Climate variability during the Holocene and last interglacial: High resolution stable isotope and biogenic silica evidence from the Santa Barbara Basin

Through the use of high resolution sampling and analysis of marine sediments, detailed climatic histories of the current and last interglacial (the Holocene and Marine Isotope Stage 5, respectively) have been constructed for the Santa Barbara Basin, offshore southern California. The data sets presented herein are among the most highly resolved marine records available for these two warm intervals, and they document that large climate changes have occurred on decadal time scales in the recent geologic past. The data also demonstrate that during the middle Holocene when climate was warmer than today, El Niño warm events were much more frequent and intense than they have been over the past century. When compared to pollen and benthic foraminiferal data from the last interglacial, the biogenic silica records and stable oxygen isotopes from two species of planktonic foraminifera suggest warming of the surface ocean and the adjacent continent several thousand years before melting of the ice sheets. This lag is possibly the result of the difference in response time between the surface marine and terrestrial reservoirs and the cryosphere. The silica and isotope data also indicate dramatic differences between the evolution of the two most recent interglacial periods. Using six years of modern sediment trap data from the Santa Barbara Basin as a basis for interpreting the past, it appears that the seasonal changes in hydrography and productivity seen in the modern basin have been a feature of the climate record throughout the Holocene.
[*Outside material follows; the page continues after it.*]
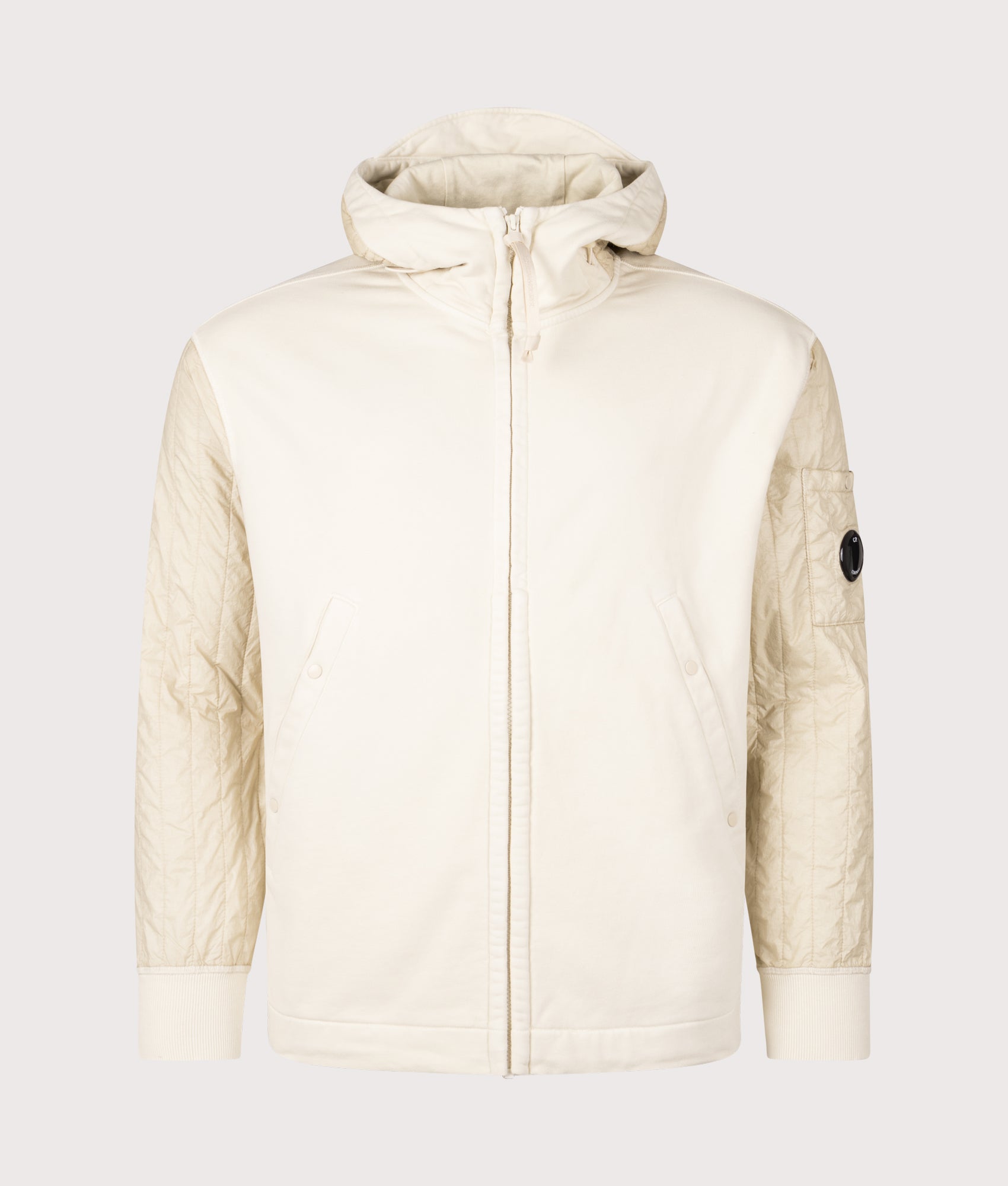 Diagonal Raised Fleece Full Zip Hooded Sweatshirt. Shot by EQVVS. Front shot.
On the other hand, a seasonal cycle similar to today's was not apparent in the basin until several thousand years after the beginning of the last interglacial. According to models of solar insolation, maximum Northern Hemisphere summer sunlight peaked near the beginning of the Holocene but well after the beginning of the last interglacial. Perhaps the differing patterns of solar radiation during these two warm intervals is one of the drivers of the differences observed in the paleoclimatic data.